=== WHAT TO WORK ON ===
Omit the pictures and return exactly the stretch of the material below from the line with "Sobrado à venda" through the line with "Photo of Cranleigh, High Street c.1965".

++++ PROVIDED RECORDS ++++

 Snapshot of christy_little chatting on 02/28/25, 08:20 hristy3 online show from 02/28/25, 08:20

++++
++++ PROVIDED RECORDS ++++

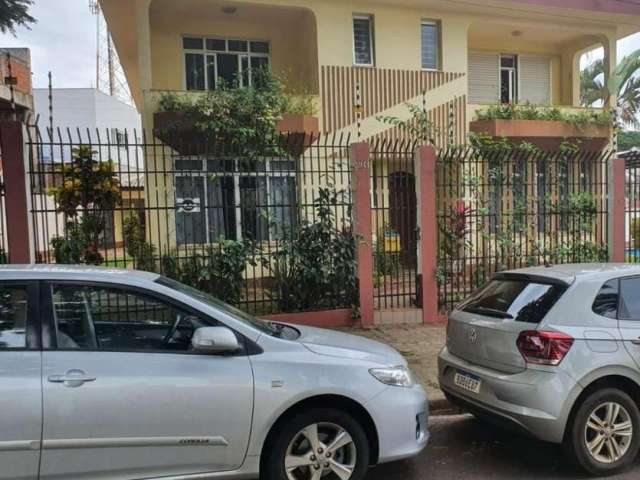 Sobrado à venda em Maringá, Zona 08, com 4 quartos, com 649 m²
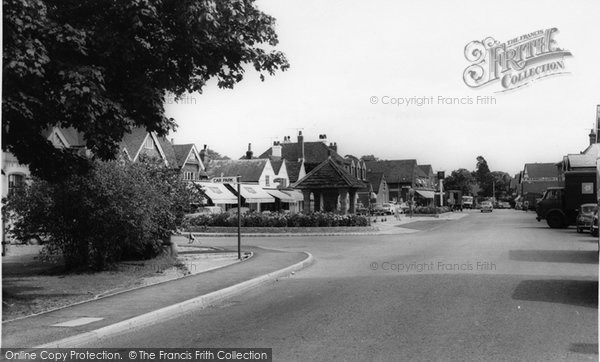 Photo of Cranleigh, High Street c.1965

++++

=== OUTPUT FOR THIS TASK ===
 Sobrado à venda em Maringá, Zona 08, com 4 quartos, com 649 m²
 Photo of Cranleigh, High Street c.1965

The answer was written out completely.